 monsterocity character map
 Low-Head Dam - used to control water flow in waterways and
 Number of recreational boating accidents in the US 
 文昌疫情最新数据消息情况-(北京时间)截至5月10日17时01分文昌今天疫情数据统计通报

++++++

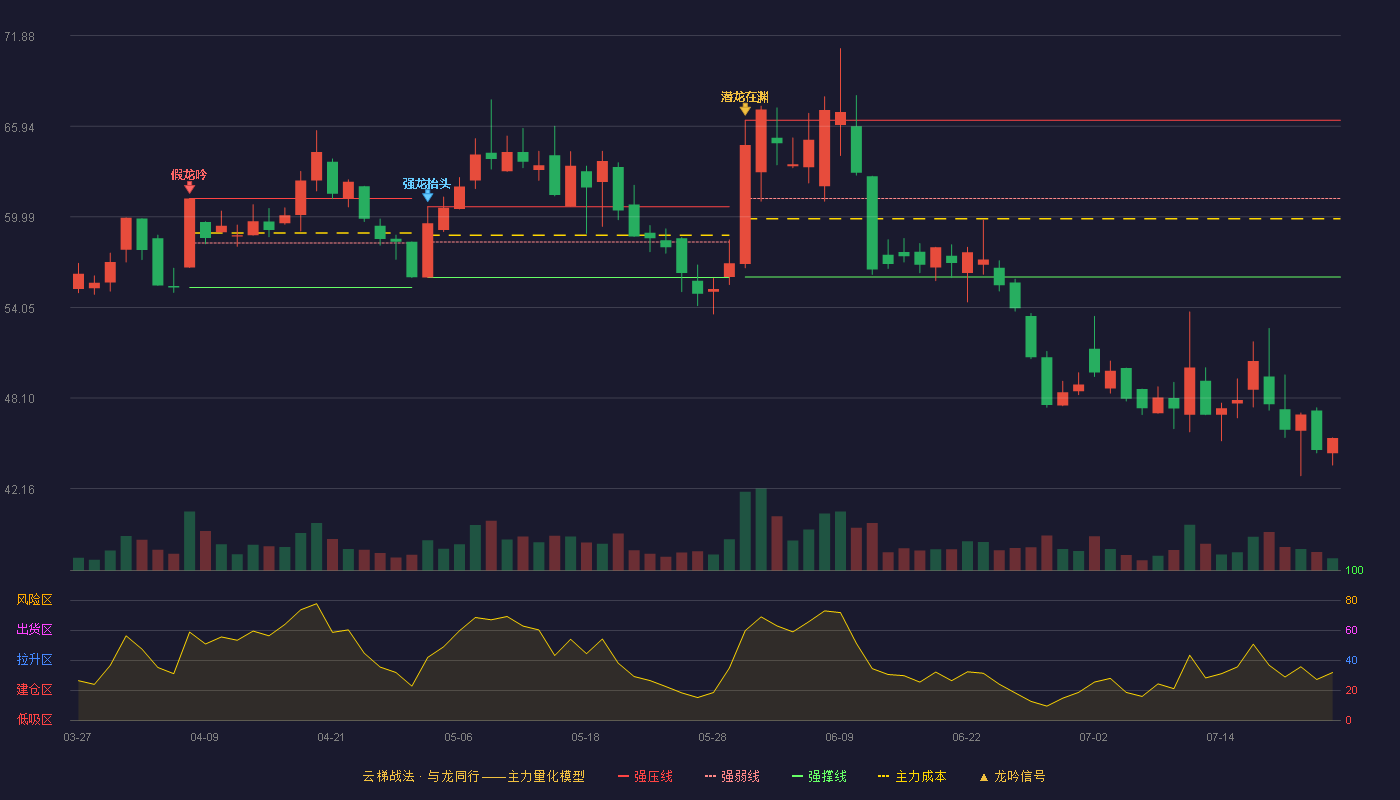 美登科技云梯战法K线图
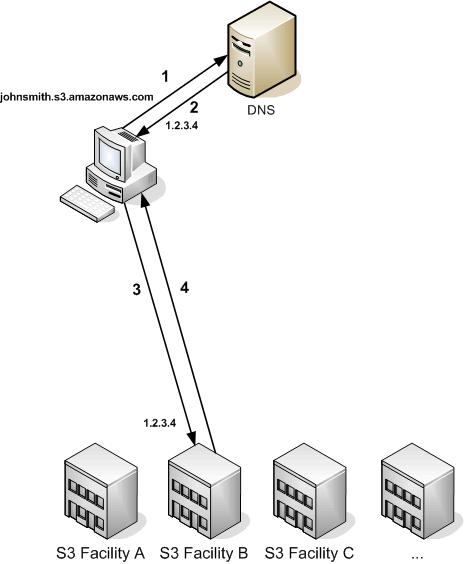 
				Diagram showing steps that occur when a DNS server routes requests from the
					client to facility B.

++++++

WORK REQUEST — Beginning with the line containing "Diagram showing steps" in the material above, copy every line exactly until you have copied the line containing "client to facility B.".

RESPONSE TO THIS TASK —
				Diagram showing steps that occur when a DNS server routes requests from the
					client to facility B.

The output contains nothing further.